◆ **EXERCISE GOAL**:
Every line below from the one containing "A Metro qwikSLOT" through the one containing "Proiector de ceață" must be transcribed exactly. Omit all lines outside that stretch.

◆ **RECORDS TO USE**:
########

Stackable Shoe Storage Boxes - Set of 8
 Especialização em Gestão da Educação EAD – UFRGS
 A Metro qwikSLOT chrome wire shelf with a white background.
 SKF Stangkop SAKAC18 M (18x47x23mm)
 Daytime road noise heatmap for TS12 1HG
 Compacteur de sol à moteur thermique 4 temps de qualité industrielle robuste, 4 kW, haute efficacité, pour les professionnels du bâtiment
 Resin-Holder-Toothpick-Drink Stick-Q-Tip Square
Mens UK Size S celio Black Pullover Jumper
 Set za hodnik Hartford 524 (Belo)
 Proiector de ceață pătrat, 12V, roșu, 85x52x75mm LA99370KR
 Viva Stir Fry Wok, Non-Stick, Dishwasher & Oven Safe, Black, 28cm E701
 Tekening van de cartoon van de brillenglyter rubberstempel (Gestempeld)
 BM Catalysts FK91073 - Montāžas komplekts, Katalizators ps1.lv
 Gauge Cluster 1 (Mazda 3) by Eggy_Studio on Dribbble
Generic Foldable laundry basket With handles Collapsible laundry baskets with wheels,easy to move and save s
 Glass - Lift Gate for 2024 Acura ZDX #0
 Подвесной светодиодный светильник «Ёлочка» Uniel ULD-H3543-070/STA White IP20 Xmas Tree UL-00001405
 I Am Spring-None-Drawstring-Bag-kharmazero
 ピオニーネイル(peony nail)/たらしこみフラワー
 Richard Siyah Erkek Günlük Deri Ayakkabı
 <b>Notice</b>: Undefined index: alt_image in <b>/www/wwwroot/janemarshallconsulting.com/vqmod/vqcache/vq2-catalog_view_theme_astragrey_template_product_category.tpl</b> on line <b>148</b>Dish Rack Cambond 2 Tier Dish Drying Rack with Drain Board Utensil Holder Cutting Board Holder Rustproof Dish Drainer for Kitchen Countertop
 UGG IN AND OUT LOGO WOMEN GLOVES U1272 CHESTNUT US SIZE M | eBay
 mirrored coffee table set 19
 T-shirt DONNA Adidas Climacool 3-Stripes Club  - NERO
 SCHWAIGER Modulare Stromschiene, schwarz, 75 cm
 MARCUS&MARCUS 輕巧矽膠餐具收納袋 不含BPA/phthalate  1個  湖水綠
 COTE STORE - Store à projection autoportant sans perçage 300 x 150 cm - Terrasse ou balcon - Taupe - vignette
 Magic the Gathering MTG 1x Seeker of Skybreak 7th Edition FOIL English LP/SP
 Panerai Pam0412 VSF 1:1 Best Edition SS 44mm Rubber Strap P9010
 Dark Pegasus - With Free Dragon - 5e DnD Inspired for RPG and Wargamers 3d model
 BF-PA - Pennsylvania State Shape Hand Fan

########

◆ **RESPONSE TO THE EXERCISE**:
 A Metro qwikSLOT chrome wire shelf with a white background.
 SKF Stangkop SAKAC18 M (18x47x23mm)
 Daytime road noise heatmap for TS12 1HG
 Compacteur de sol à moteur thermique 4 temps de qualité industrielle robuste, 4 kW, haute efficacité, pour les professionnels du bâtiment
 Resin-Holder-Toothpick-Drink Stick-Q-Tip Square
Mens UK Size S celio Black Pullover Jumper
 Set za hodnik Hartford 524 (Belo)
 Proiector de ceață pătrat, 12V, roșu, 85x52x75mm LA99370KR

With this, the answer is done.